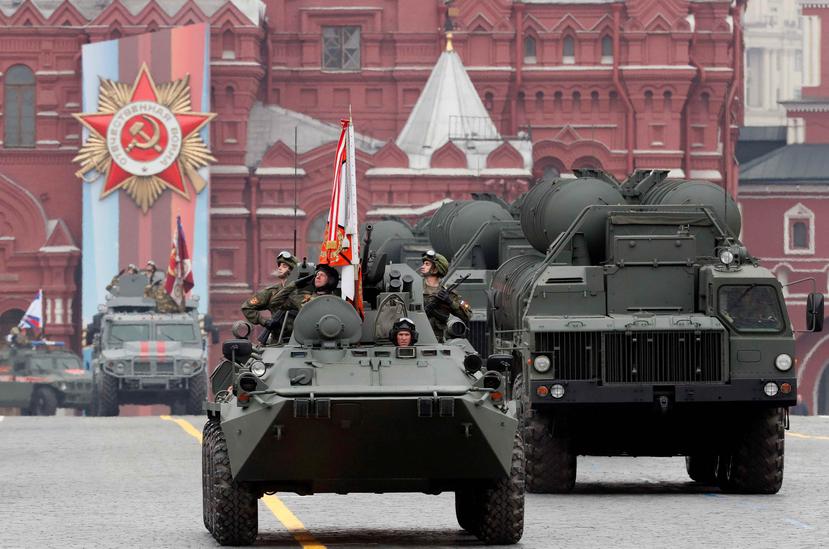 Unos 13 mil soldados participaron del desfile del Día de la Victoria en Moscú. (EFE)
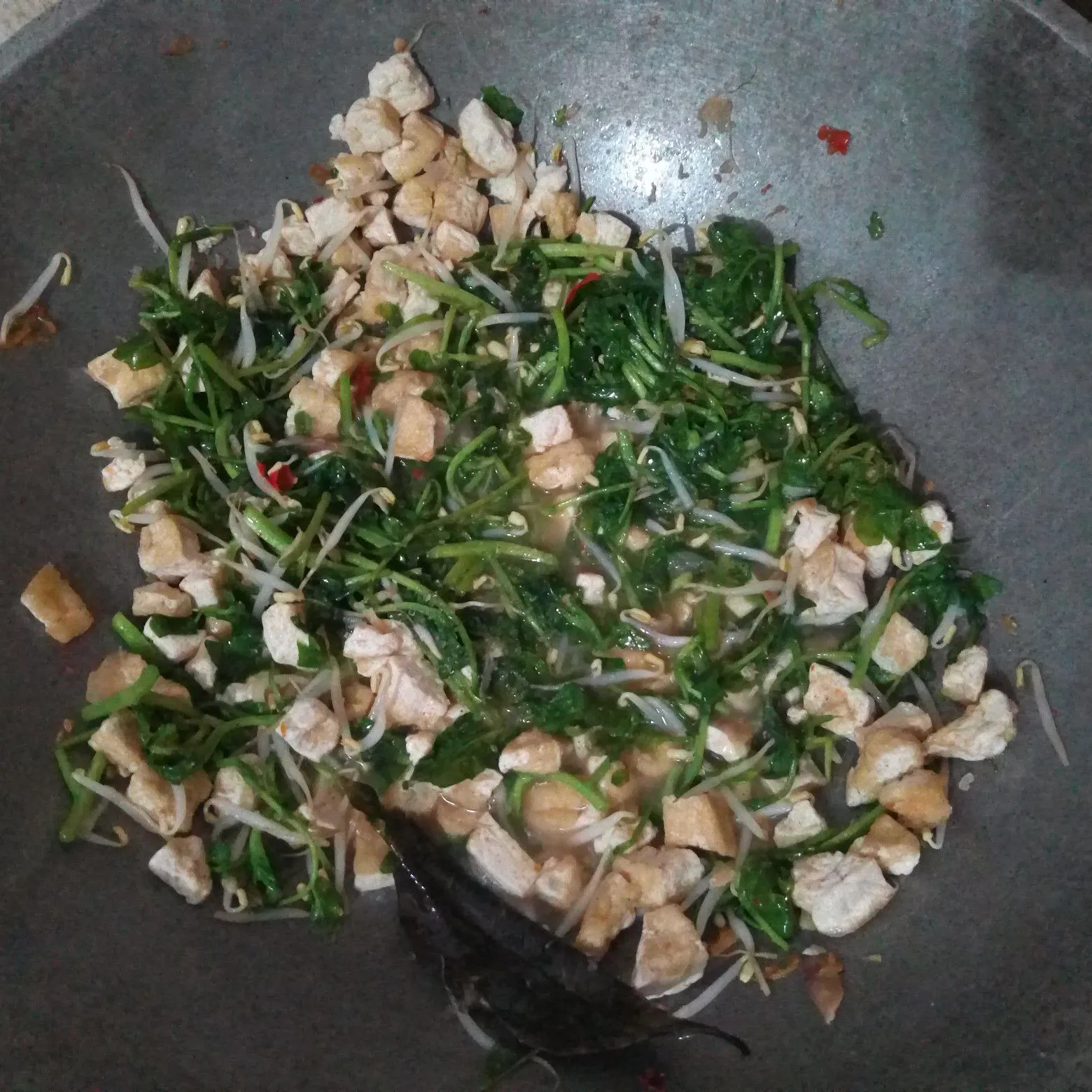 Step 5 Tumis Selada Kecambah Tahu Pedas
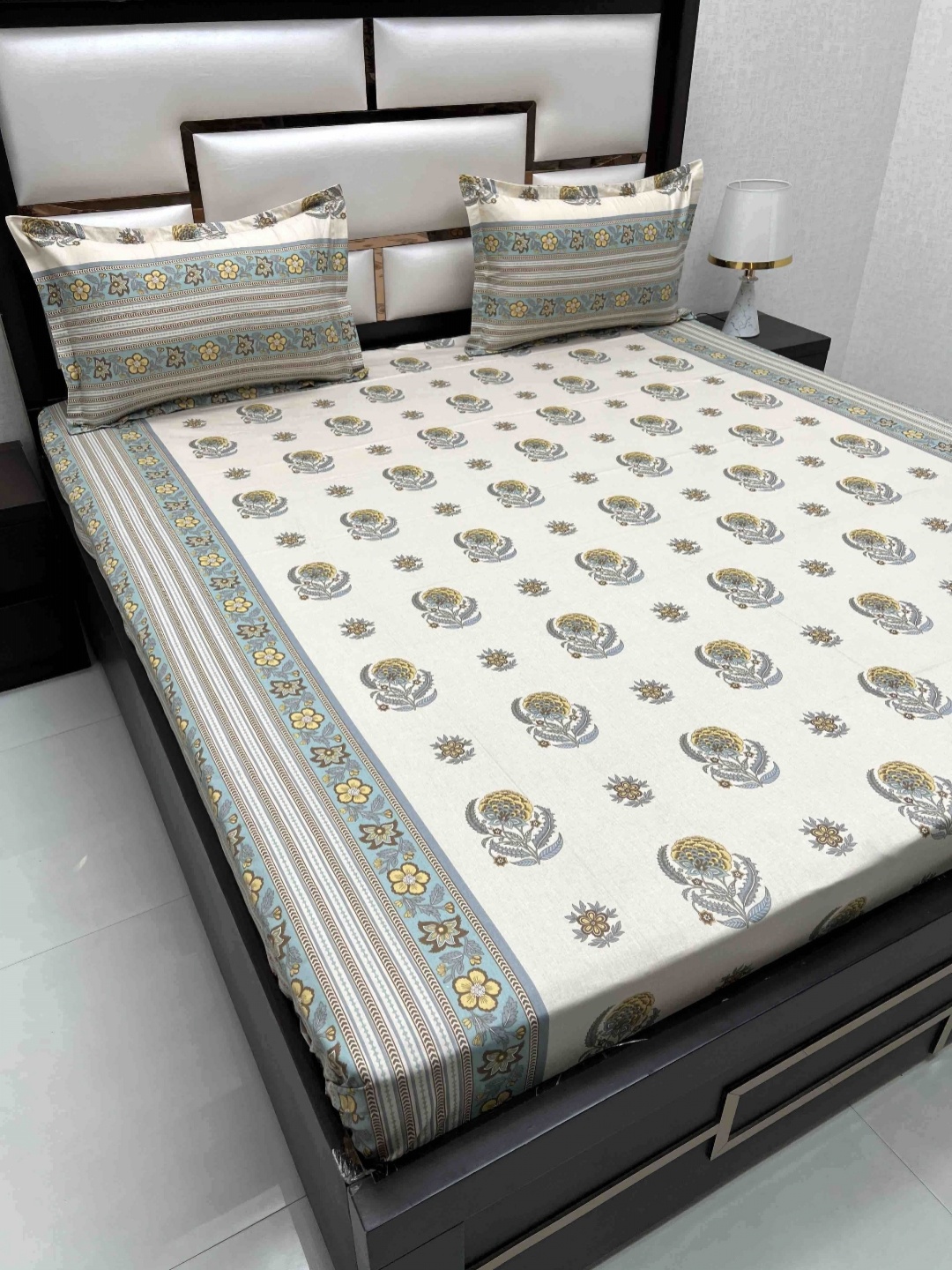 Pure Decor Royal Passion White Floral Cotton 350 TC Queen Bedsheet Set 2.53 x 2.29 m
Pure Decor Royal Passion White Floral Cotton 350 TC Queen Bedsheet Set 2.53 x 2.29 m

* What to do: Pictures aside, the material must be written out word for word.

* Answer to the problem:
 Unos 13 mil soldados participaron del desfile del Día de la Victoria en Moscú. (EFE)
 Step 5 Tumis Selada Kecambah Tahu Pedas
 Pure Decor Royal Passion White Floral Cotton 350 TC Queen Bedsheet Set 2.53 x 2.29 m
Pure Decor Royal Passion White Floral Cotton 350 TC Queen Bedsheet Set 2.53 x 2.29 m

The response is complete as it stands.